Hi, this will be the first but not the last cry for help. We are new members to wild camping as well as new to motorhome owning.
we have bought a motor home which has a omnistor 5002 awning attached, we didnt have a clue what it was at first but we learn quickly...not! 
We opened it up but it seems " too loose" we wound it out as far as it would go but it had no tension in the fabric can anyone help,,,many thanks D&P


----------



## Deleted member 967 (Jul 27, 2010)

patden said:


> Hi, this will be the first but not the last cry for help. We are new members to wild camping as well as new to moorhome owning.
> we have bought a motor home which has a omnistor 5002 awning attached, we didnt have a clue what it was at first but we learn quickly...not!
> We opened it up but it seems " too loose" we wound it out as far as it would go but it had no tension in the fabric can anyone help,,,many thanks D&P



When you wind out your awning only go as far as you need to be able to reach and unclip the legs from the canopy.  Attach the legs to the points on the side of the van or put them on the ground, at an angle towards where the awning will finish up.  This will save to much force being applied to the wind out mechanism.
Continue to wind the awning out to the desired width.  Set the tension rafter if you have one.  It is a sprung pole that goes between the side of the van and the canopy.   Then set the legs into the correct position and to the desired height.  Then wind the awning back in to get tension on the fabric.  You will never get the sides to be tight and they will flap in a breeze.
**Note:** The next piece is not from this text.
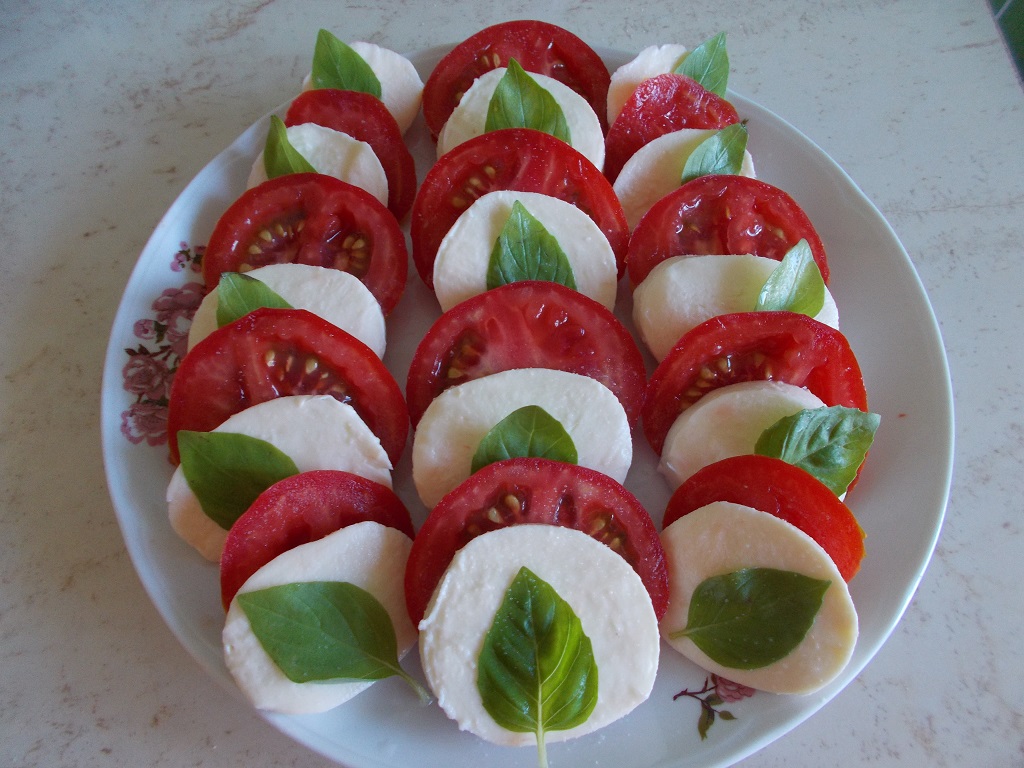 Salata Caprese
If you have any problems of need information contact the importers

Omnistor Awnings - Providers of Awnings, Safari Rooms, Bike Carriers, Omnistor spares and accessories.

Rose Awnings
Unit 10, 565 Blandford Road,
Poole
Dorset
United Kingdom
BH16 5BW
Phone no. 01202 620427

*WARNING*

Make sure you peg the legs down as the awning can lift and be damaged even in a slight breeze.   I would also use a tie-down strap across the canvas above the legs or pass it over the rafter beams to keep it down in a stronger wind.

I speak from experience as I have had an awning and Safari room take off on me despite being tied down.  This broke the awning from the side of the van and took it over the top of the van.  This wrecked the status antenna but worse still snapped the 1" drive shaft in the satellite dish.

Now I wind my awning in at the first sign of it being affected by wind.


----------